[Image-text web data]
^^^^^^^^

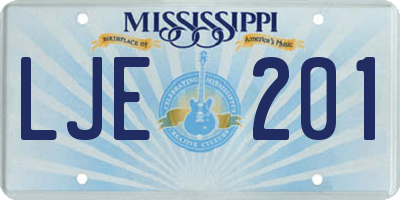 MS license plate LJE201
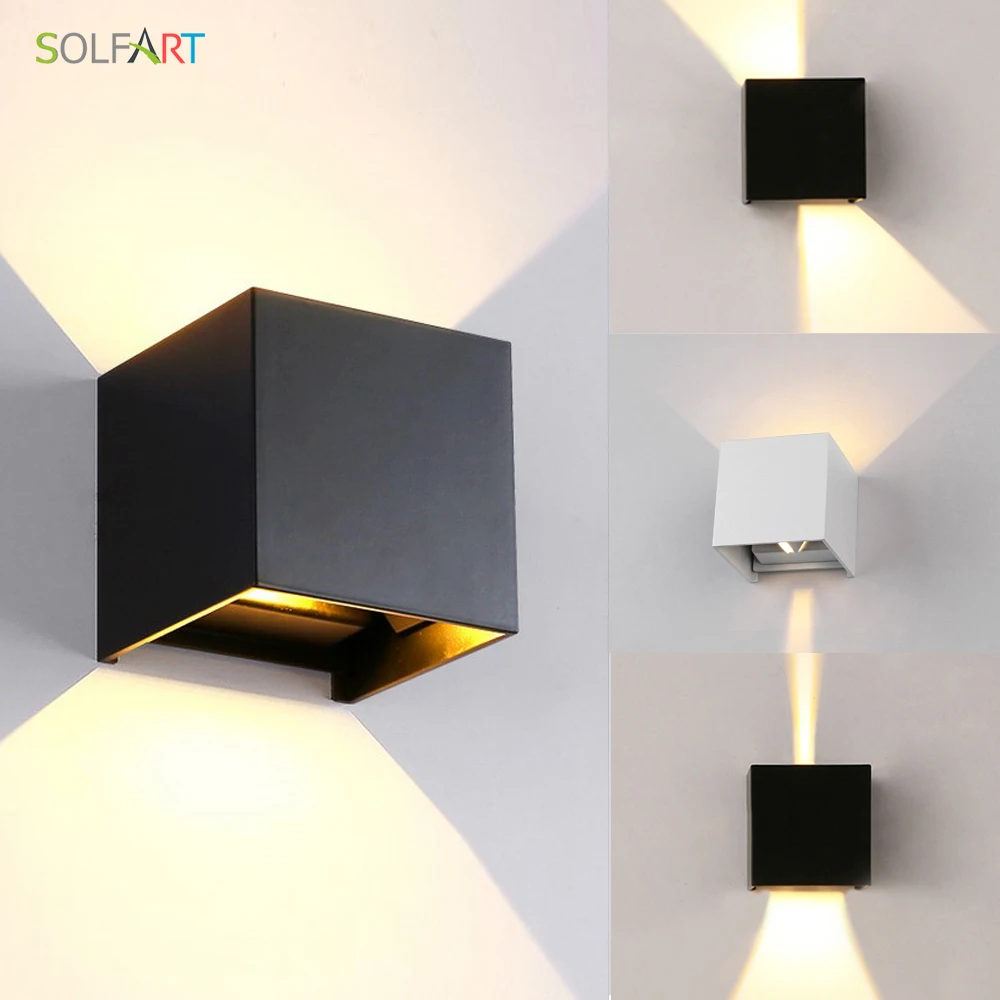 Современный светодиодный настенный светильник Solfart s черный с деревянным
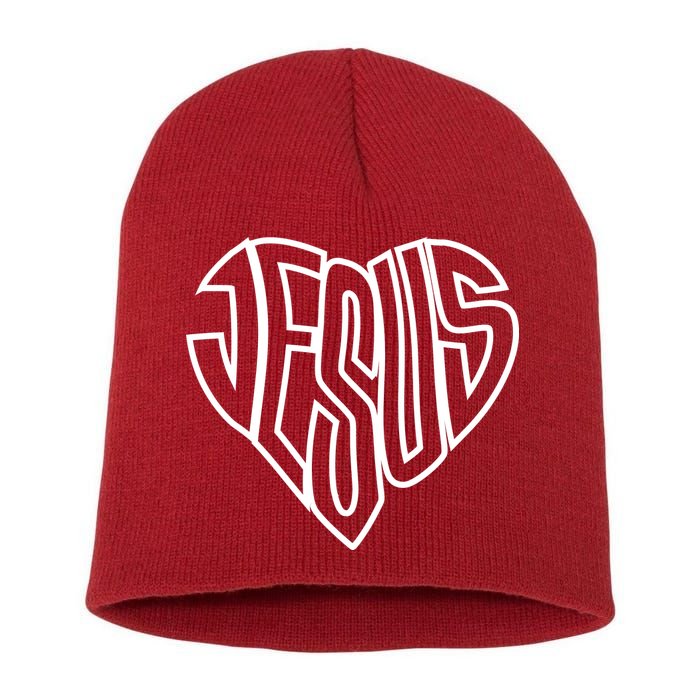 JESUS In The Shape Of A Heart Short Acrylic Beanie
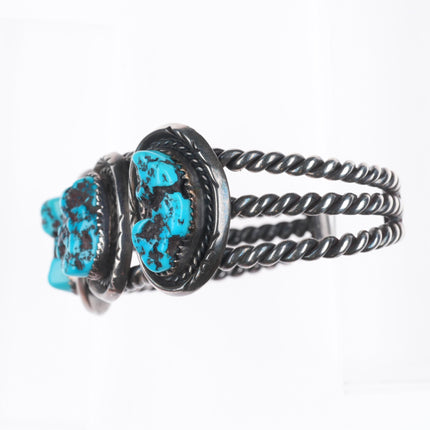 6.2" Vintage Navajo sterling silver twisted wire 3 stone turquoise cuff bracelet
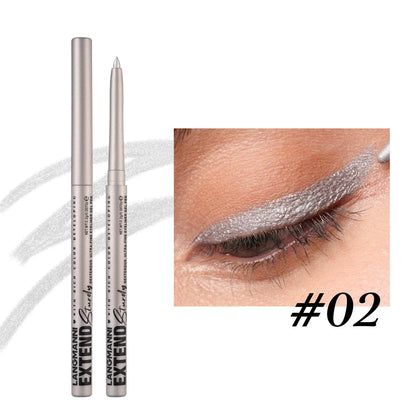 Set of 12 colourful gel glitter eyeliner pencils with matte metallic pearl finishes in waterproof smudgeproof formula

^^^^^^^^

Retyping should start at the first line of the data above and stop after the line with "turquoise cuff bracelet", and no picture should be included.

#### [Answer for the task]
 MS license plate LJE201
 Современный светодиодный настенный светильник Solfart s черный с деревянным
 JESUS In The Shape Of A Heart Short Acrylic Beanie
 6.2" Vintage Navajo sterling silver twisted wire 3 stone turquoise cuff bracelet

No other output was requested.